While most were frightened away I took the bull by the horns and sat right next to the district superintendent, even getting her to pose with me. Props to the mayor of Temple City who sneaked a sneer into the photo.




Elizabeth Ishida, the best Rosemead had to offer in 2005. Senior Class President, Panther's Tale Editor-in-Chief, FBLA Gold Coast Vice President, and the best writer in AP English to list just a few. Good Luck at UCLA!




Kosal Taing and Shuk Chan. Except for the giant diaper sophomore year, cutting holes in a hotel sheet so that I was awakened by "the ghost of Gary Porter's Mom" or getting arrested in Chicago while driving the wrong way on a one-way street there's no real way to describe Kosal.




Mike and Jimmy Valdivia, Rosemead's top wrestler and the cameraman on the Judges 2.




Isaac Vazquez, Mike, Bun Vouen, and Henry "Toad" Ten Napel




Meet the man with weakest bladder at Disneyland.

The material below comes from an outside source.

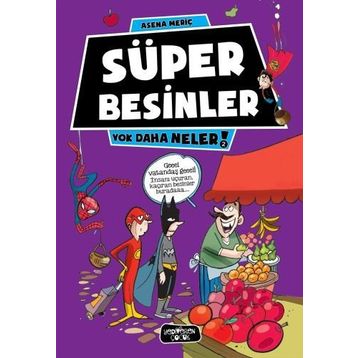 Süper Besinler - Asena Meriç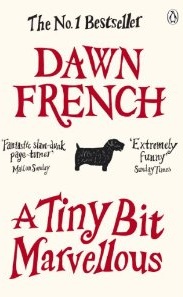 boom book reviews - A Tiny Bit Marvellous by Dawn French - cover image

We weren't five minutes inside the park before Mike needed to drain his "big muscle." This was to be repeated several more times this night.




To infinity and beyond.




I got killed on the Buzz Lightyear ride by these two schmucks (and Bill Crockwell, who joined us for the battle).




Seeing as a guy was just killed on Big Thunder Mountain a couple of months ago some of this was real fear.




Bonus points to the Indiana Jones worker for scoring some grill time in my picture.




Evidently Mike misunderstood why they call it Splash Mountain because he soaked Brian and me.




Ass blowers rule.




Just to mess with Crockwell who was doing his duty waiting in the chaperone area around 1 a.m., we paged a Rosemead representative and then hid around the corner. After a seeming false alarm he returned to his seat and we did it again. That's right, we are grown men with college educations charged with educating America's future.




Suddenly it all became clear to young Will.




Jorge Peniche enjoys a wild ride provided by Mr. Toad.




RAZ!




RAAAAZ!




RAAAAAAAZZZZ!




Of the four buses that brought us only three returned. Guess whose bus was missing.




Fack!




So the kids waited in the parking lot.




Some with more dignity than others. (My deepest apologies, Shannon, but you left me no alternative.)




Finally Brian had the kids pretend there actually was a bus and put them in order.




Of course there is no standing when the bus is in motion.




The bus finally arrived 20 minutes later and the hour-long ride home began.




We soon discovered they sent us a smaller bus and kids were forced to sit in the aisle.




Of course, as the kids started to inevitably fall asleep the pranks followed shortly. Samantha Tran was the first victim.




Good morning, Sam.




Brandon Wong gets an earful from Brian.




Then came Felix Wong.




Whiskers for Felix the Cat.




Uh oh, looks like the sandman sprinkled some sleepy dust on someone.




Nobody told Brandon when the bus arrived at the school. Welcome to the real world, dude.